- _WORK INSTRUCTION_
Quote every line of the data below as it stands, omitting pictures.

- _DATASET EXTRACT_
>>
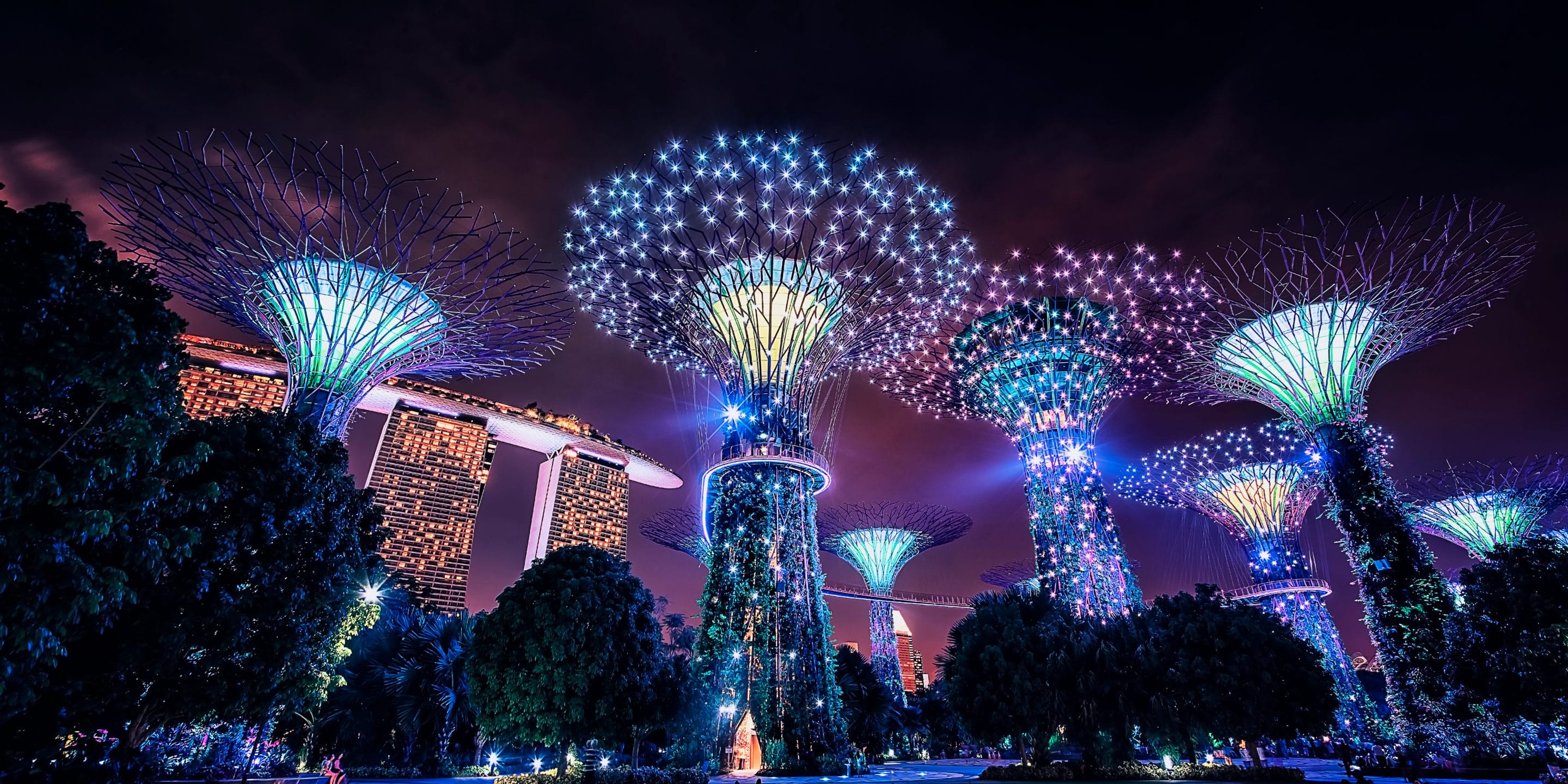 Lichterketten an einem Baum in Singapur
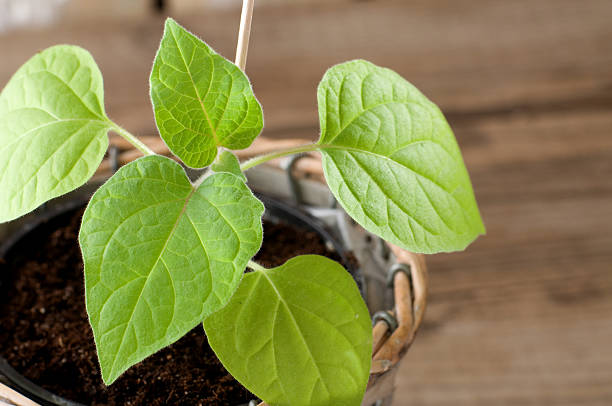 physalis setzling wachsenden in pot - gooseberry fruit growth green stock-fotos und bilder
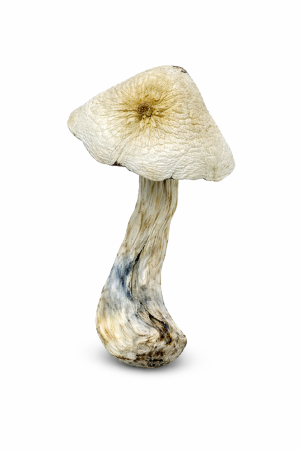Great White Monster Mushroom – Buy Affordable Premium Magic Mushrooms Online Canada and United States 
<<
- _WRITTEN SOLUTION_
 Lichterketten an einem Baum in Singapur
 physalis setzling wachsenden in pot - gooseberry fruit growth green stock-fotos und bilder
Great White Monster Mushroom – Buy Affordable Premium Magic Mushrooms Online Canada and United States 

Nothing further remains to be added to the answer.